In a properly implemented crypto viral extortion attack, recovering the files without the decryption key is an intractable problem and difficult to trace digital currencies such as Ukash or Bitcoin and other cryptocurrency are used for the ransoms, making tracing and prosecuting the perpetrators difficult.
After the identification phase, if any malicious/suspicious activity was detected we can assume that there is a big chance that there is a presence of a malware on the endpoint, hence the endpoint must be quarantined and isolated from the network, to stop the spread to other endpoints and overall infrastructure.
As we are talking about the ransomware, we must be extremely careful in this case, because the process of system corruption and encryption will not take much time, hence the time is limited. Having an endpoint protection system that can look for the execution and kill the process is usually the best means of containment.
Carefully document and report the performed activities, this will help to detect the virus/malware on other IT systems as well. Examine all endpoints that may be vulnerable or exposed to that particular attack, perform identification phase on the endpoint and in case of anomaly detection isolate the system.
- Identify affected assets and perform containment, you must ensure that any communication with the affected device and potential threat source is isolated and contained, for that purposes the following is recommended:
- Block external IP address
- Block external domain
- Block external URL
- Block domain on email
- Block sender on email
- Quarantine email message
- As you have identified the user that potentially encrypted:
- You now have two steps to perform immediately:
- Physically isolate the infected computer from the network.
- Revoke the user account’s access to shares.
- You now have two steps to perform immediately:
- Isolate the system to prevent spread, if possible, disconnect from network.
- Completely disconnect the network cable from the infected host and eliminate any kind of connection to stop the spread.
- No need to turn of the host, as it will not prevent anything, instead ensure that file modifications are alerted and prevented by appropriate cyber solutions such as DLP and FIM.

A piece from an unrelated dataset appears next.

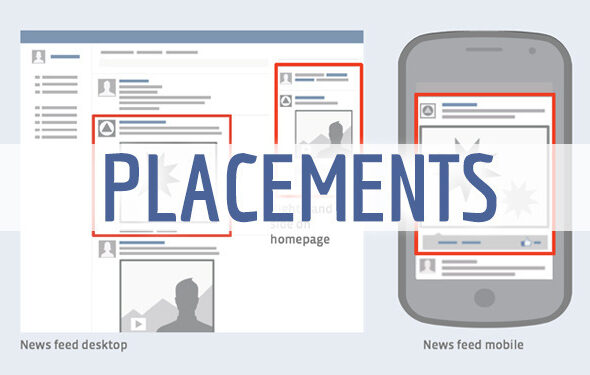 Facebooks Werbe-Placements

- Re-configure the Firewall and NAC Solution as well as host-based firewall to block the connection with the internal network for temporary purposes, until full identification process is done, and malicious C&C is detected and disconnected as well as the malware that caused ransomware and backdoors most importantly.

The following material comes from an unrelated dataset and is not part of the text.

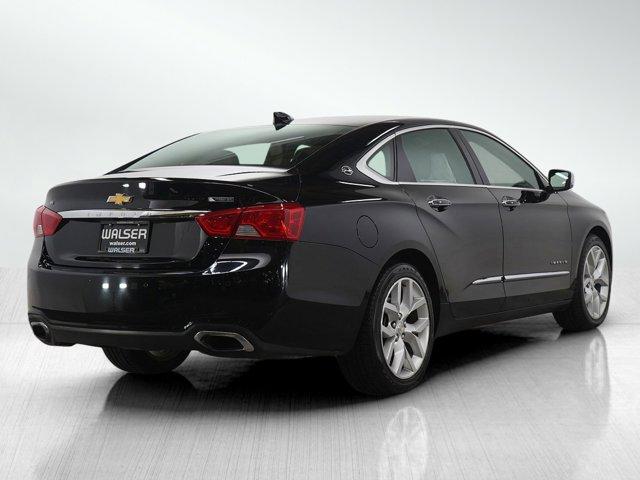 used 2017 Chevrolet Impala car, priced at $14,998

- Identify the vulnerability that caused exploitation and contain for remediation.
- Continue to intensively monitor to not miss any malicious activity and malicious files, and most importantly eliminate the chance of backdoor entrance for bad actor.

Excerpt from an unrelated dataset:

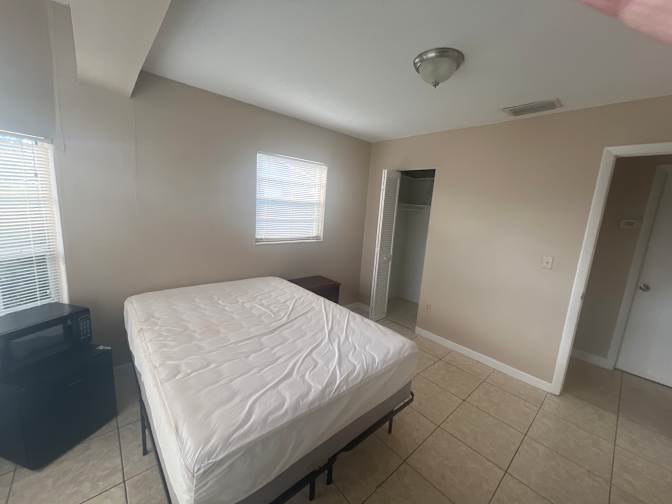 Drew's room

- Perform documentation and inform stakeholders, users about the incident, and share the documentation to prevent the spread and isolate all other assets that may be infected.
To eradicate the ransomware from IT environment, the ransomware must be identified by the anti-virus various malware removal tools, or manually through registries and by identifying abnormal file extensions, if the threat is advanced manual intervention may be needed to quarantine these files and clean from the system.
If the malicious file is not detected by signature-based detection, the file can be given to the sandbox for more effective detection as all ransomwares are malwares as well, but all of these can be done in case the ransomware was detected on the earliest phase. Usually, the recommend practice is to replace compromised machines rather than clean them.
The main reason for replacement is that it is difficult to know if residual files of the ransomware are still on the system and able to re-infect devices. If you choose to clean rather than replace, continue to monitor for signatures and other IOCs to prevent the attack from re-emerging.
- Identify affected asset and start remediation
- If the system is encrypted and corrupted already then
- Restore the system from previously prepared and created backup and restore the system to ideal state.
- If the system is not yet corrupted and encrypted, then:
- Immediately perform the scans and identification steps by isolating and checking the system until the identified and remediated.
- Still, it is highly recommended to restore to the last available ideal backup, because if the remediation step is not completed accurately and completely, there is a high chance that there will be malicious files left on the system that may cause backdoor for an attacker.
- Continue Log Monitoring and Validation of recovered system and ensure that system is fully remediated.
- It is crucial that incident response team report incident to all employees, stakeholders and others who may be affected or may be under the risk of being affected.
- Finally, if the incident had occurred because of a malicious email then delete the email message.